Lebanon Interior Minister Marwan Charbel revealed Friday that Turkish officials are saying that Abu Ibrahim the head of the group behind the kidnapping of the Lebanese Shiite pilgrims in Syria has been killed, but a mediator in the case denied the report.
“I have received information from the Turkish side that Abu Ibrahim has been killed and that Abu Jaser has replaced him,” Charbel was quoted as telling a delegation from Lebanon’s Journalists Syndicate adding that Abu Ibrahim died as a result of wounds.
However, a mediator involved in the case of the kidnapped pilgrims who spoke to The Lebanese Daily Star said Abu Ibrahim was still alive.
“He is not dead. He is wounded but he is still alive,” the mediator said, adding that the Abu Ibrahim periodically “played dead” in order to alleviate pressure on him to release the Lebanese hostages.
The mediator who described Abu Ibrahim as flaky, said the kidnapper has yet to outline his specific demands for freeing the Lebanese.
“Sometimes Abu Ibrahim says he is holding the Lebanese because he wants money and at other times he claims it is for sectarian reasons,” the mediator said.
Eleven Lebanese Shiite pilgrims were kidnapped by a rebel group last May , in the Syrian district of Aleppo after crossing from Turkey, on their way from a pilgrimage to Iran. Two of the group were released in late 2012.
The mediator said the Free Syrian Army had launched an attack to free the pilgrims and that Abu Ibrahim was constantly relocating the group in Azaz, Aleppo.
However, the mediator said the pilgrims were in good health.
Link to defector?
President Michel Suleiman sought clarification on Friday over whether there was a link between Lt. Mohammad Tlas a Syrian Army defector who is in the custody of Lebanese officials and the abduction of the Lebanese pilgrims in Syria.
“[The president] asked General Security head Maj. Gen. Abbas Ibrahim to investigate the validity of media reports that there is a link between Syrian Lt. Mohammad Tlas and the kidnapping of Lebanese in Azaz and what he [Tlas] has information about this issue,” according to Sleiman’s office.

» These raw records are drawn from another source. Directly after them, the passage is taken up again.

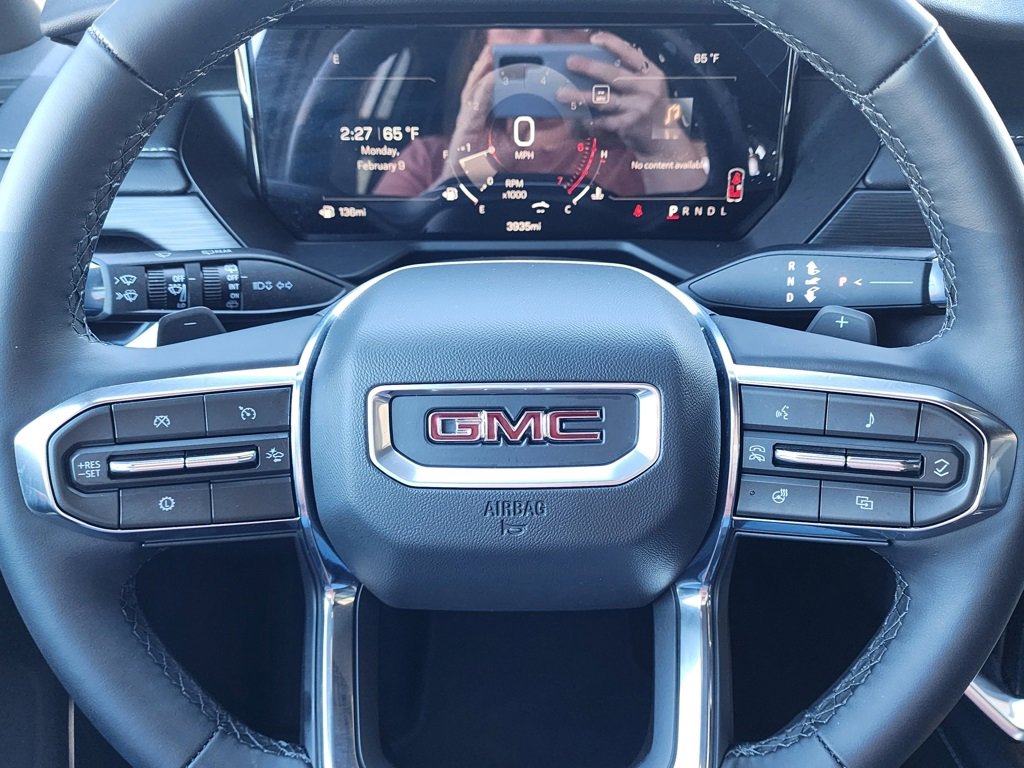 New 2026 GMC Acadia Elevation w/ Black Edition image 19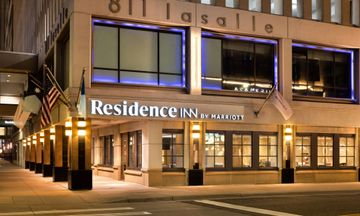 Residence Inn by Marriott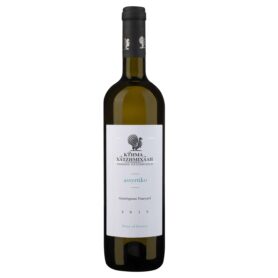 Domaine Hatzimichalis Hadzimichalis bílé víno Assyrtiko suché 2023 13,5% 750ml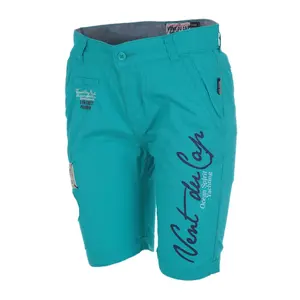Bermuda shorts for children Vent du Cap Ecregate image-1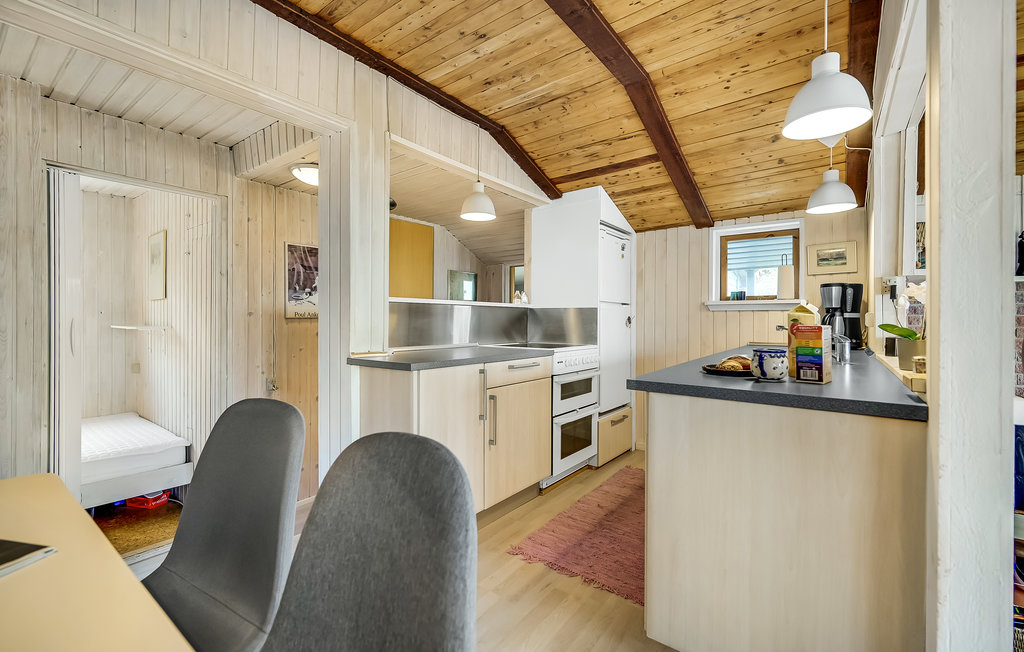 Ferienhaus - Grenå , Dänemark - D70065 15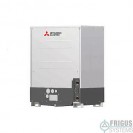 Mitsubishi Electric PQHY-P250YLM-A VRF с водяным охлаждением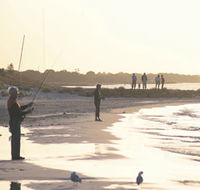 Busselton Beachfront - Hotel WA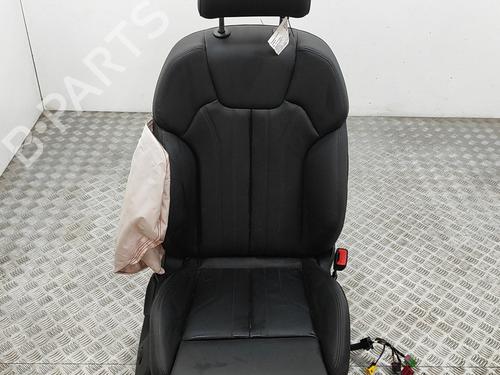 Used Right front seat AUDI Q5 (FYB, FYG) 40 TDI Mild Hybrid quattro (204 hp) 28033862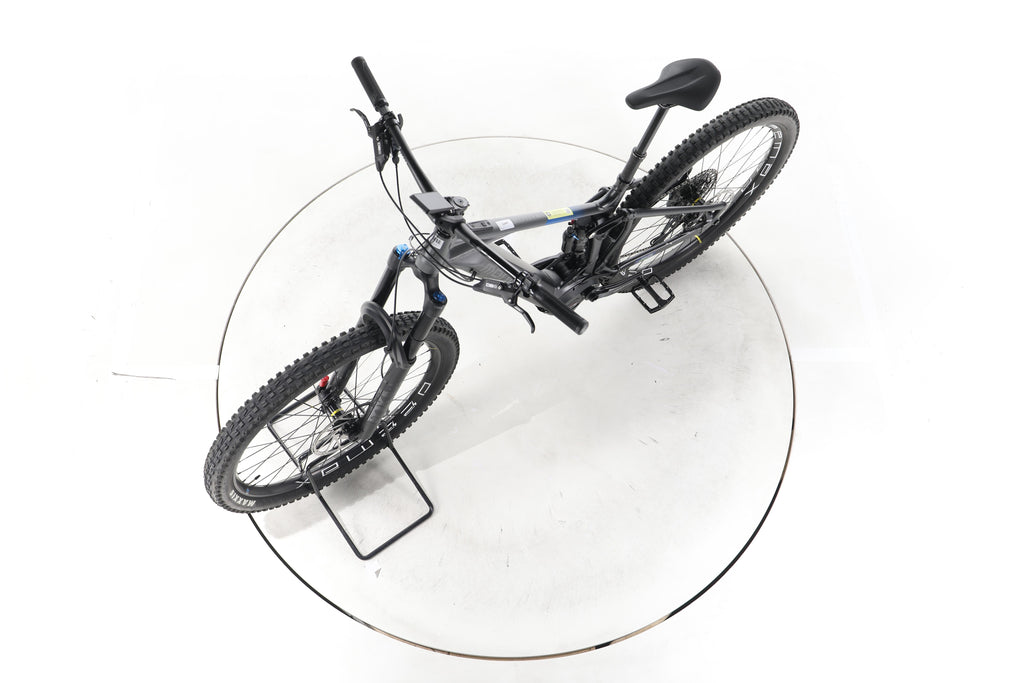Mondraker Crafty R E-Bike Fully 2024 - Image 18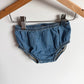 Chambray Bloomers / 18m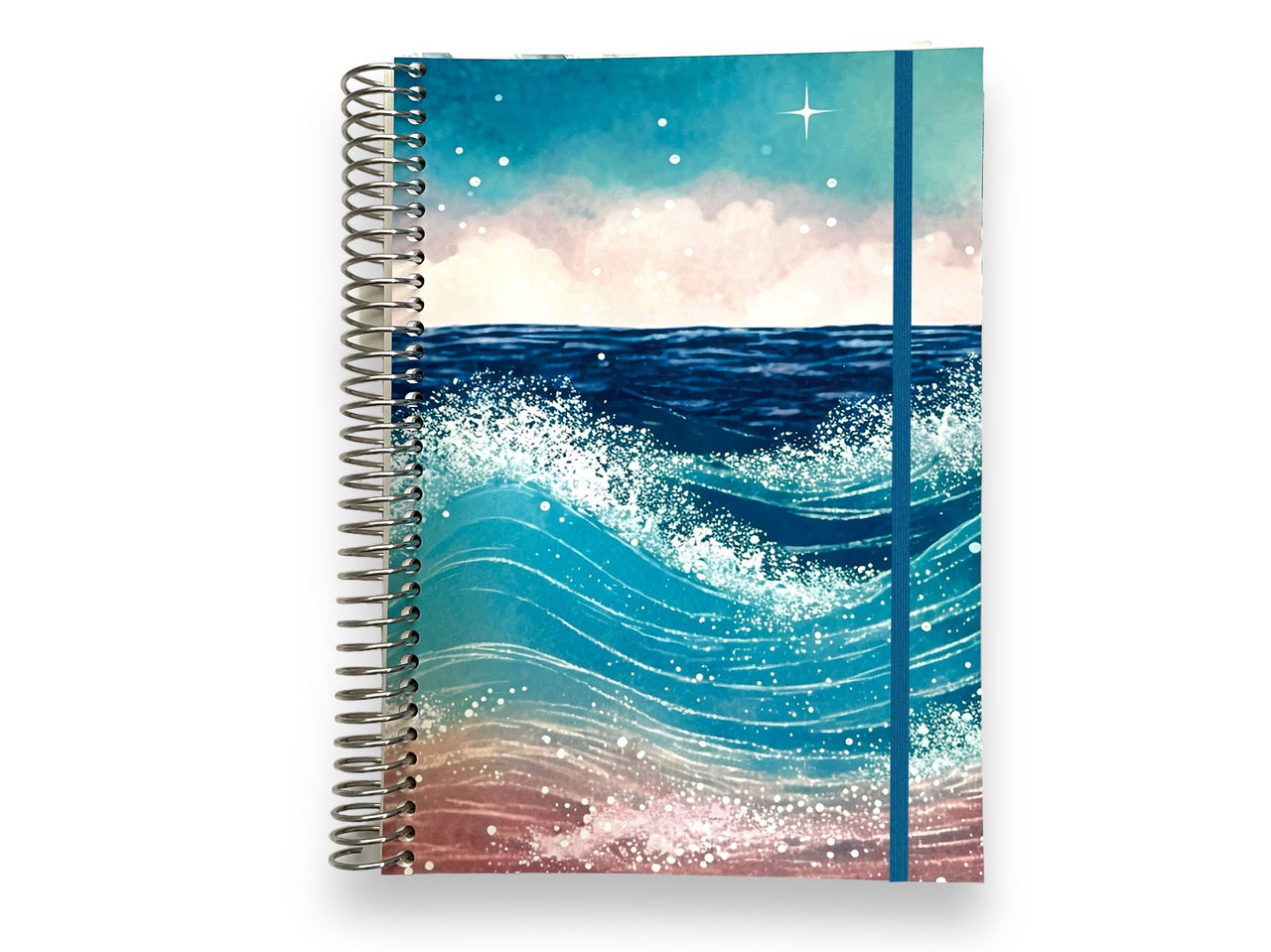 Month Only Planner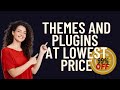 EXCLUSIVE Deals & Discounts for WordPress Themes & Plugins | UPTO 99% OFF!!!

The pro-Syrian Al Akhbar newspaper linked in a report published on Thursday Tlas to the kidnapers, reportedly to press the lebanese government which is dominated by Hezbollah to deport Tlas to Syria.
Lebanon’s Military Tribunal has ordered the deportation of Tlas, who was sentenced earlier this week in Lebanon to two months in prison and fined him 100,000 ( $67) for illegally entering the country.
However, Lebanon’s interior minister said Wednesday that the deportation was unlikely to take place.
The defector risks the death penalty for treason if he is actually handed over to the regime of President Bashar al-Assad, Lebanese human rights organisations warned.
President Suleiman said Thursday that there are instructions against deporting any Syrian back to their country in line with the Human Rights Declaration.